The popularity of the travel industry is here to stay, as people continue to embrace the luxury and freedom of hopping a flight (or train, or bus, or…) to experience new parts of the world. The travel and tourism industry is one of the largest in the world, contributing $8.27 trillion USD to the global economy in 2017. That means travel agencies should have a pretty comfortable place in the business world, right?
With the increase in availability to services – such as flight and hotel bookings – online without direct interaction, many travelers are taking it upon themselves to book their vacations from the comfort of their sofa, at all hours of the day or night. This poses a risk to travel agencies who depend upon this business for their livelihood, as many customers have stopped walking through the door or picking up the phone. That’s where corporate clientele steps in to cover the gap.
The needs of individuals can be limited. Travel tends to be infrequent and the opportunity for customer loyalty (not to mention, profit) is lower, as leisure travelers tend to focus primarily on the bottom line. There also tends to be a lot of legwork that goes in to finding the “right” fare or package details, and the risk is high that all of your hard work will be lost should the client choose to book themselves elsewhere.
In contrast, working with corporate clients means maintaining a relationship with a department or individual that represents the company on the whole – one relationship on behalf of many travelers.

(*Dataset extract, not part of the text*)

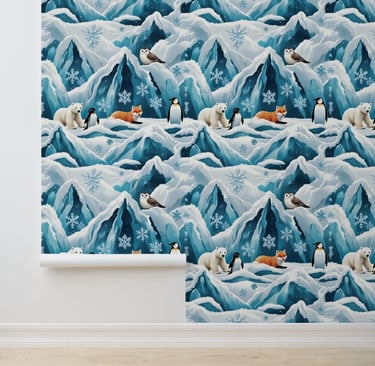 Cool Blue Arctic Scene Self-Adhesive Wallcovering Wallpaper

Travel will be more frequent, and though price is important, they are more interested in the value you bring, such as making their lives easier.
Here are some ways you can work with – and bring value to – corporate clients:
Understand their business
Start by understanding your client’s business, including their needs. This starts with understanding why they travel. Executives flying for meetings? Focus on short layovers, travel times that suit their work schedule, and accommodation with business amenities. Salespeople traveling with product, or for trade shows? Make sure you understand what they’re bringing so you can ensure their baggage is covered, and insured. By understanding the nature of the business – and needs of travelers in various departments – you save your clients a lot of hassle and keep them happy knowing their needs will be met.
Be time sensitive
The old saying “time is money” applies in all aspects of the relationship with corporate clients. Make sure you – or a colleague – are available to answer requests, and provide a timely response.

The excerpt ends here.